I'll add some context to the question. Firstly, I'm a first time self-funded searcher focusing on my search full-time. Nearly all of the transactions I have pursued are in the $1-3M EBITDA range, with a few smaller and a few larger. I'm curious what valuation multiples others are seeing in transactions and investors are willing to underwrite as I have rarely seen any businesses where the seller would consider <4.5x EBITDA. The recent Search Investment Group Self-funded Search Study provided some great insights, but I find myself wondering what others are seeing and/or doing differently as I mostly have not had success bidding 3-4.5x EBITDA; at the same time it's clear this is where a lot of self-funded transactions are getting done. In many industries, companies trade at much higher multiples (even for small businesses) and sellers simply balk at the suggestion of 3-4.5x EBITDA, ultimately resulting in the seller dismissing the conversation. There are lot of factors that ultimately drive the valuation, but in the self-funded side of the search world, the sentiment certainly seems to point toward the idea that paying over 5x EBITDA is overpaying and will be a difficult deal to fund (irrespective of the industry, end market, business profile, etc.). Any and all thoughts or suggestions around how to approach the discussion would be appreciated.

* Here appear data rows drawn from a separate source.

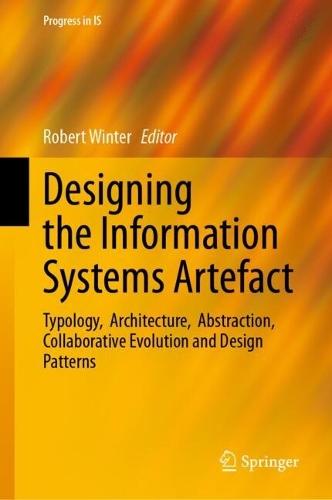 Designing the Information Systems Artefact: Typology, Architecture, Abstraction, Collaborative Evolution and Design Patterns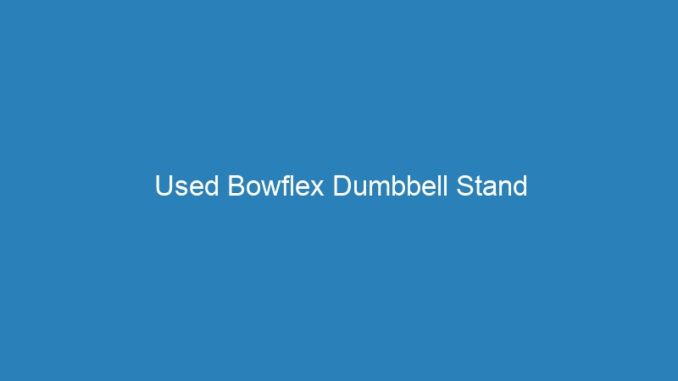 Used Bowflex Dumbbell Stand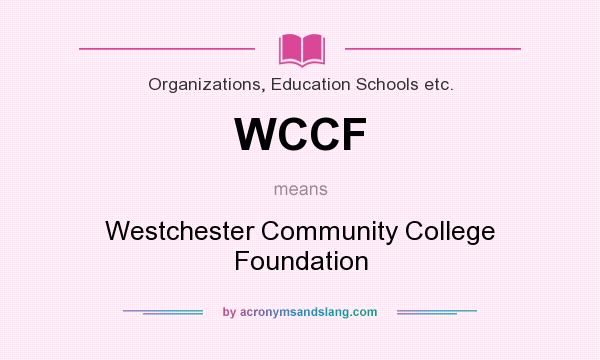 What does WCCF mean? It stands for Westchester Community College Foundation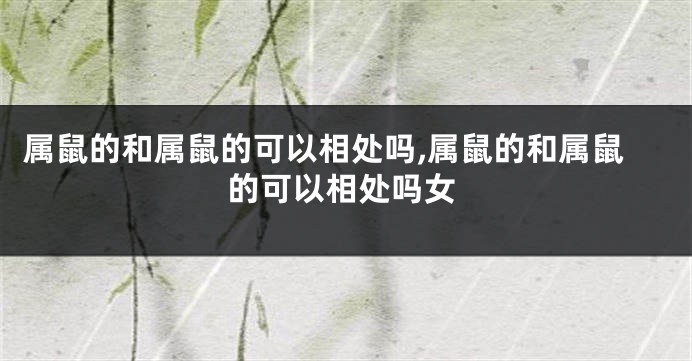 属鼠的和属鼠的可以相处吗,属鼠的和属鼠的可以相处吗女
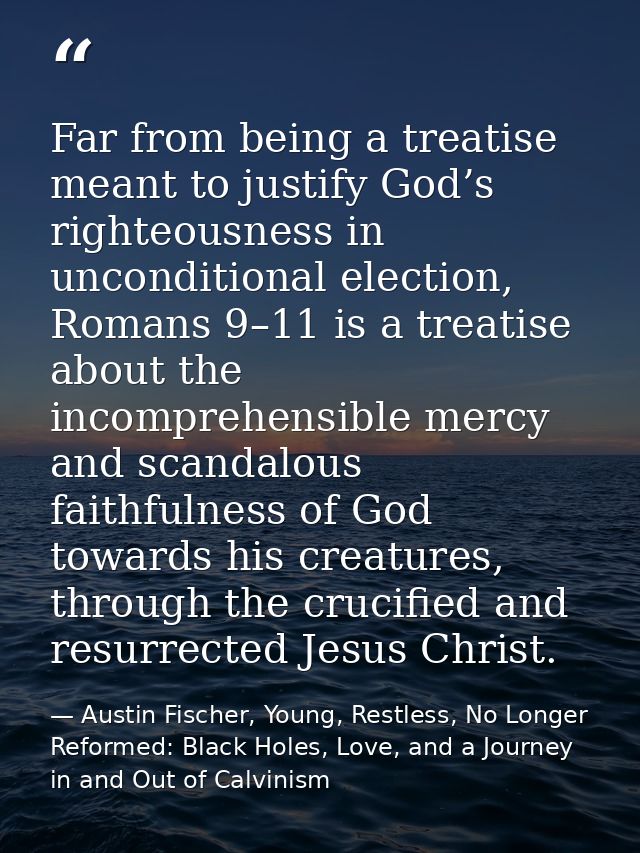 Far from being a treatise meant to justify God’s righteousness in unconditional election, Romans 9–11 is a treatise abou — Austin Fischer, Young, Restless, No Longer Reformed: Black Holes, Love, and a Journey in and Out of Calvinism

1. You're not entirely off-base. The rise of PE has shown the private markets to be getting more expensive than even the public markets.
2. You're probably not seeing enough deals (and proprietary deals at that)
3. Valuation highly dependent on the the industry, so without any further guidance it's hard to say
4. Don't let the focus on multiples throw you off. Look to the terms. If the seller wants 9x EBITDA, and you negotiate the terms (seller finance, buyout over time, etc) to ensure a margin of safety (both operationally and from a debt coverage perspective), then you still have something that could be worth pursuing.